Other jurisdictions have arrived at a similar conclusion when considering the right of access to a writing used by a witness to refresh his recollection prior to the time that the witness took the stand. See e.g. Z. v. Superior Court of Los Angeles, 3 Cal. 3d 797, 91 Cal. Rptr. 594, 478 P.2d 26 (1970); People v. Estrada, 54 Cal. 2d 713, 7 Cal. Rptr. 897, 355 P.2d 641 (1960); People v. Olson, 59 Ill.App.3d 643, 16 Ill.Dec. 660, 375 N.E.2d 533 (1978).

The fact that other jurisdictions and textbook writers have criticized a rule we have embraced does not, standing alone, furnish reason for abandonment of such rule. However, if precedent does not have some sort of reasonable underpinning, we should not bury our heads in the sand when such criticism is voiced.

While the notes in the present case were not used by Dr. Baker before the jury, their contents became an issue after the witness stated that he had referred to such notes before testifying in order to refresh his present recollection. Testimony showing Baker's act in referring to the notes was the functional equivalent of Baker having actually referred to his notes in the presence of the jury for the purpose of refreshing his present recollection. It was then permissible for the State to inspect the notes in order to test the credibility of Baker and determine if the notes could properly or did refresh his recollection.

There was no error in the court allowing the State to obtain Dr. Baker's notes for purposes of cross-examination after he testified that he had refreshed his memory from such notes prior to testifying.

The appellant's motion for rehearing is overruled.

ONION, P.J., dissents.

DALLY, J., concurs in results.

APPELLANT'S MOTION FOR REHEARING

ROBERTS, Judge, concurring.

I join Judge Tom Davis's opinion that the State was entitled to inspect the memorandum from which the appellant's witness had refreshed his recollection. Therefore, there is no need to consider the applicability of the Gaskin rule to defense witnesses.

For that reason, and because I think it involves a misreading of the case, I do not join Judge Tom Davis's opinion when it says:

"The instant case does not involve the `Gaskin Rule' because Dr. Baker was called as a witness by the appellant. See Bizzarri v. State, 492 S.W.2d 944."

Bizzarri should not be read to say that the Gaskin rule does not apply to a witness called by the defendant. Bizzarri did happen to involve a defendant's witness, but the Gaskin rule was not inapplicable for that reason.
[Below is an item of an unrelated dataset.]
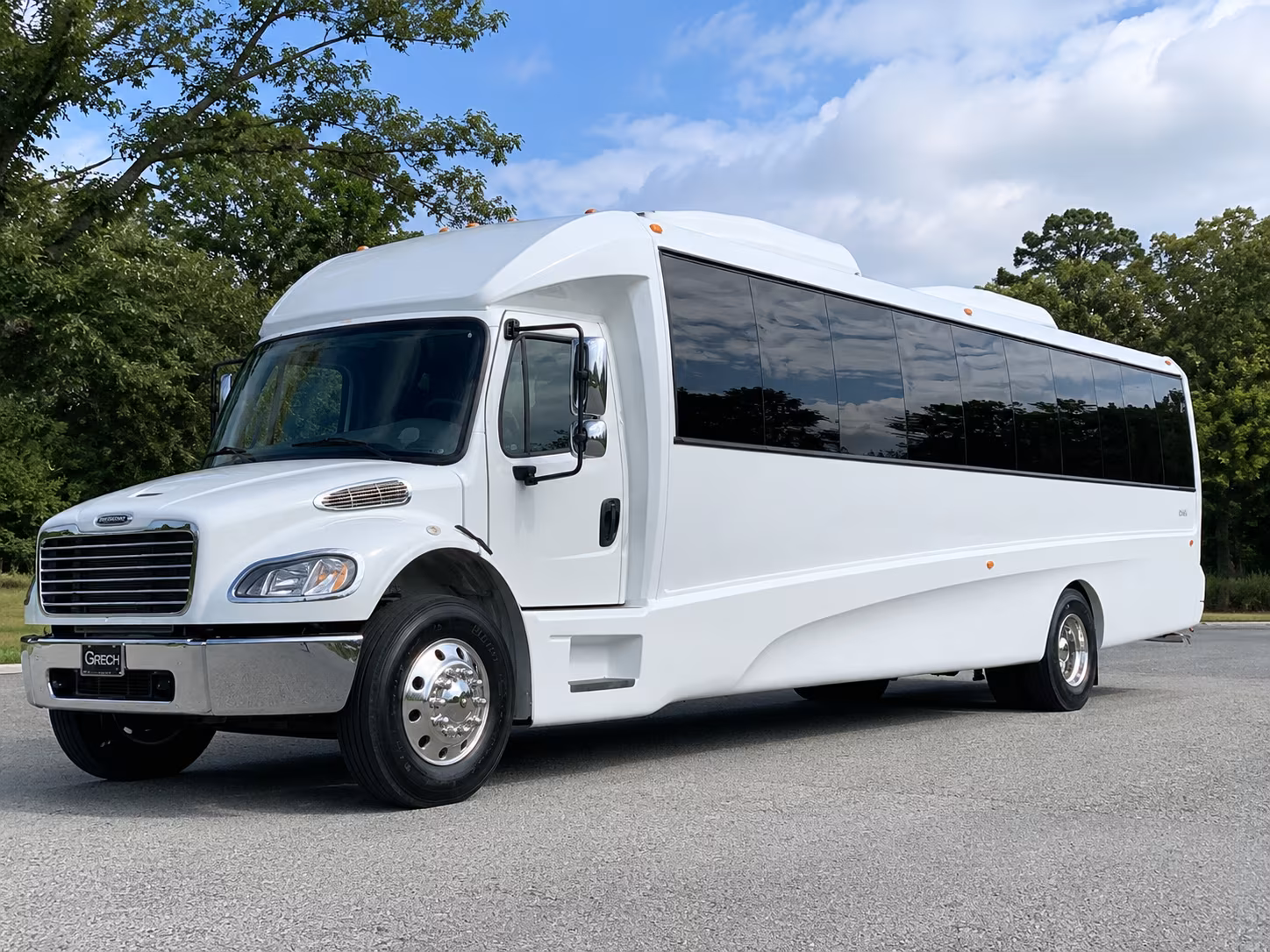 spring break and beach group buses in daytona beach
It was inapplicable because the defendant in Bizzarri was seeking Gaskin statements which had been made by his own witness. The Gaskin rule has to do with disclosure of a witness's prior statement for cross-examination. There normally would be no need for the Gaskin statements of one's own witness, for one normally may not cross-examine one's own witness. That is all that I read Bizzarri to say. It does not limit the Gaskin rule to either party's witnesses.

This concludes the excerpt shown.